[DATASET RECORDS — start]
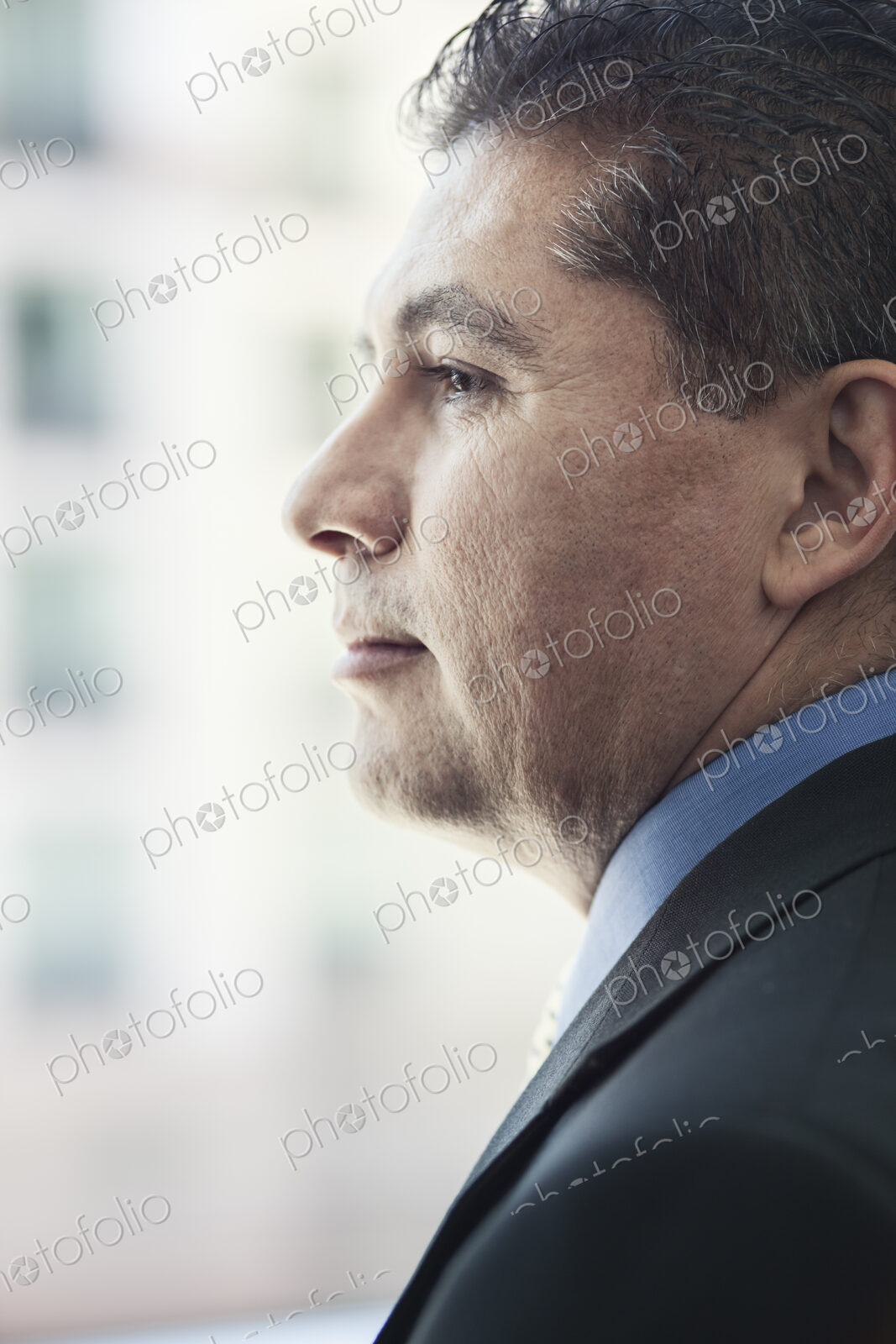 Hispanic businessman looking out the window of a conference centre lobby.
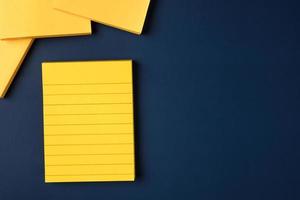 blank yellow sticky note on navy blue table background photo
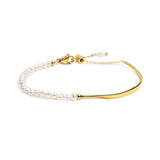 Bracciale semi rigido con tubolare twisted e catena con perle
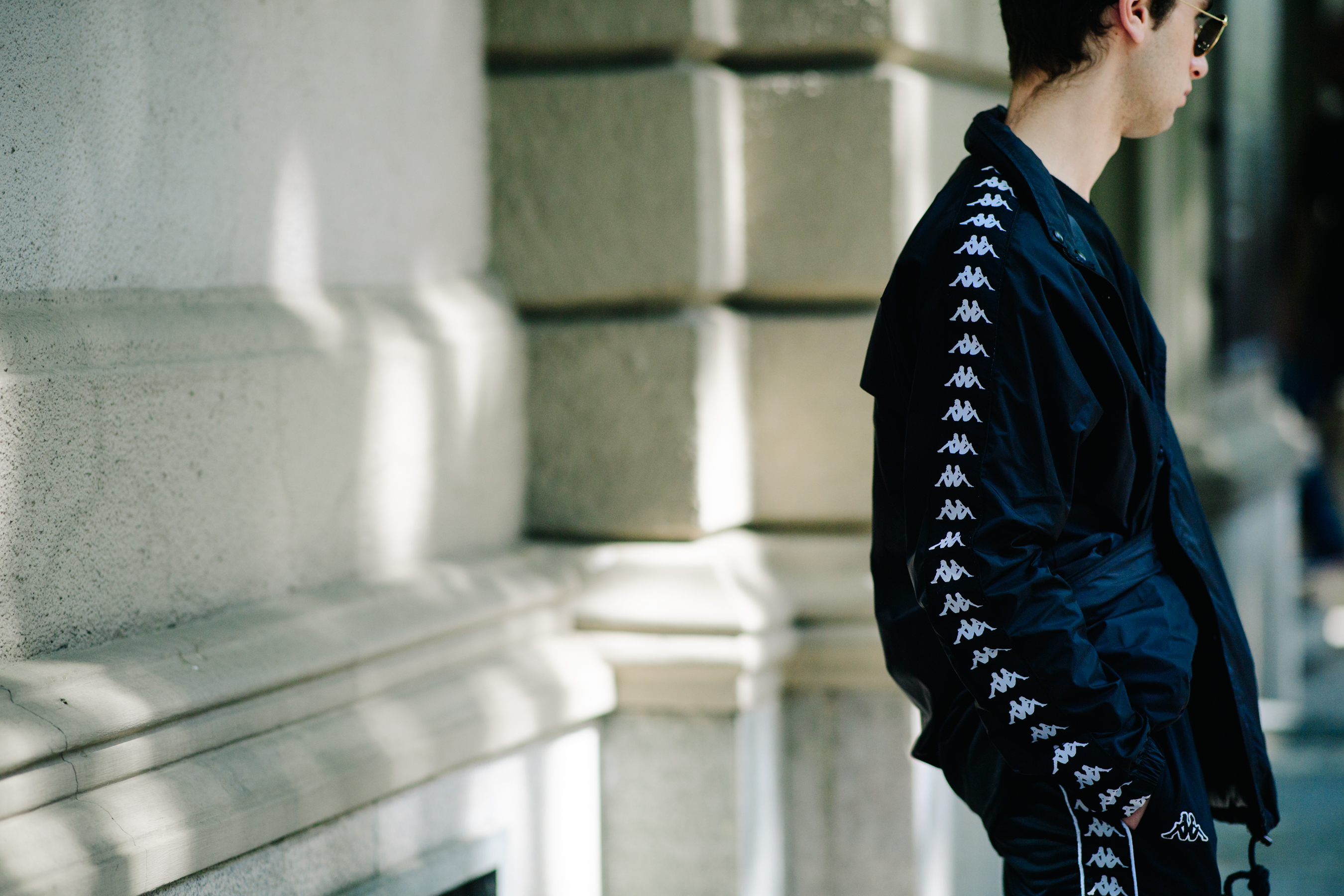 Boy wearing black tracking pants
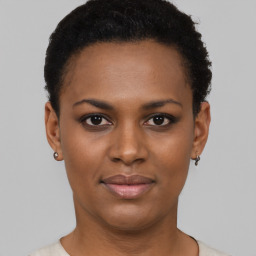 Joyful black young-adult female with short  brown hair and brown eyes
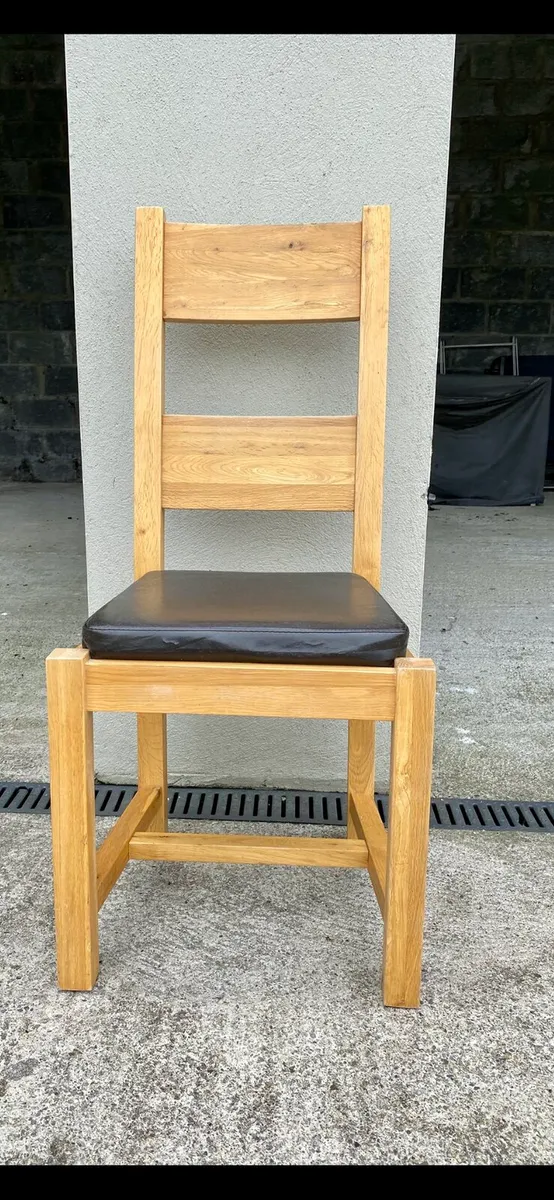 10 Oak dining chairs. Willing to sell separately.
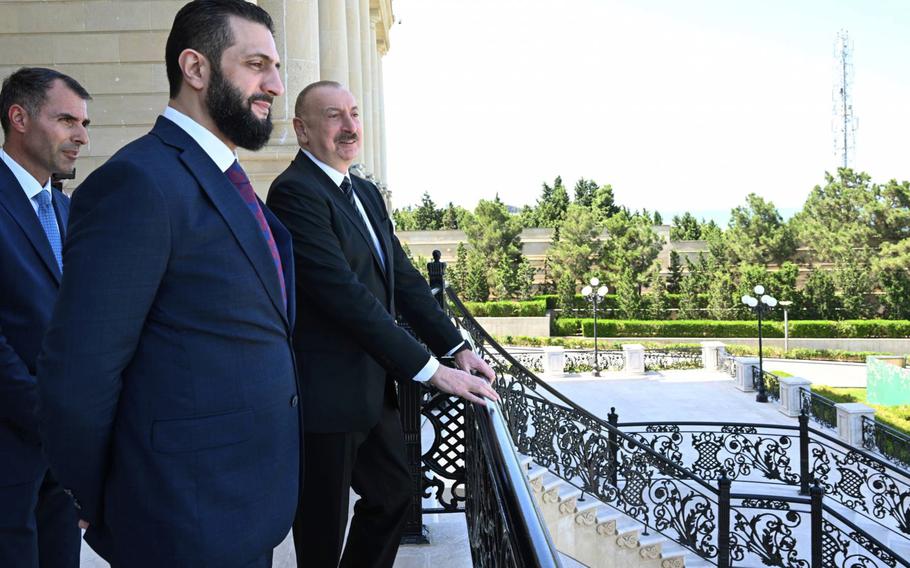  Azerbaijani President Ilham Aliyev, right, stands with Syria’s interim president, Ahmad al-Sharaa.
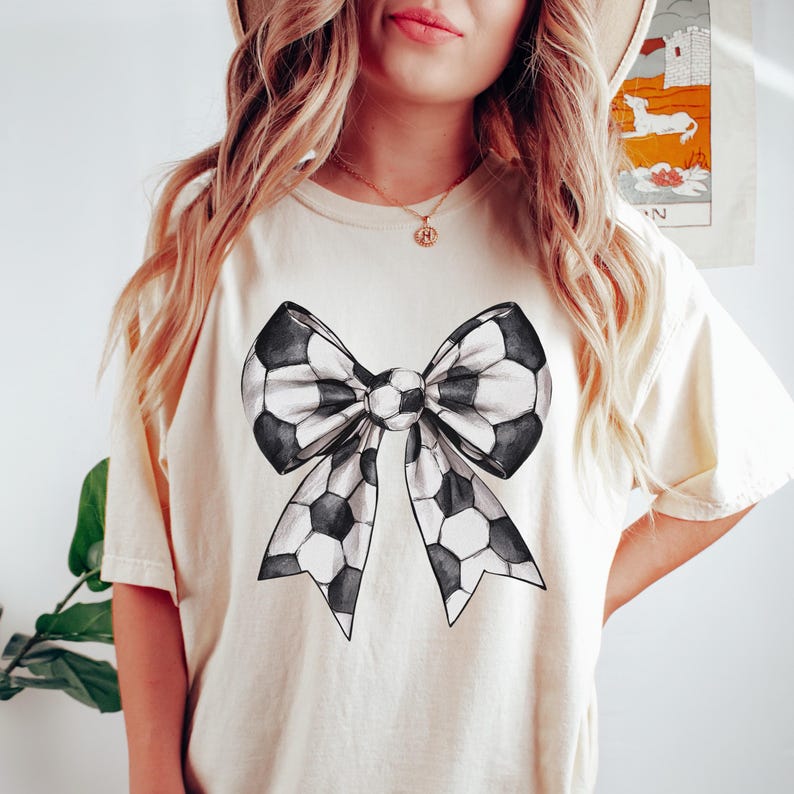 Pu&ograve; includere: T-shirt color crema con un grande design a fiocco. Il fiocco &egrave; nero e bianco, con un motivo a pallone da calcio. La maglietta ha maniche corte e una vestibilit&agrave; rilassata, adatta per l'uso quotidiano.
[DATASET RECORDS — finish]
▸ **WORK INSTRUCTIONS**:
Give again exactly the lines running from the beginning of the material above through the line that contains "Azerbaijani President Ilham", and leave out every picture.

▸ **TASK ANSWER**:
 Hispanic businessman looking out the window of a conference centre lobby.
 blank yellow sticky note on navy blue table background photo
 Bracciale semi rigido con tubolare twisted e catena con perle
 Boy wearing black tracking pants
 Joyful black young-adult female with short  brown hair and brown eyes
 10 Oak dining chairs. Willing to sell separately.
  Azerbaijani President Ilham Aliyev, right, stands with Syria’s interim president, Ahmad al-Sharaa.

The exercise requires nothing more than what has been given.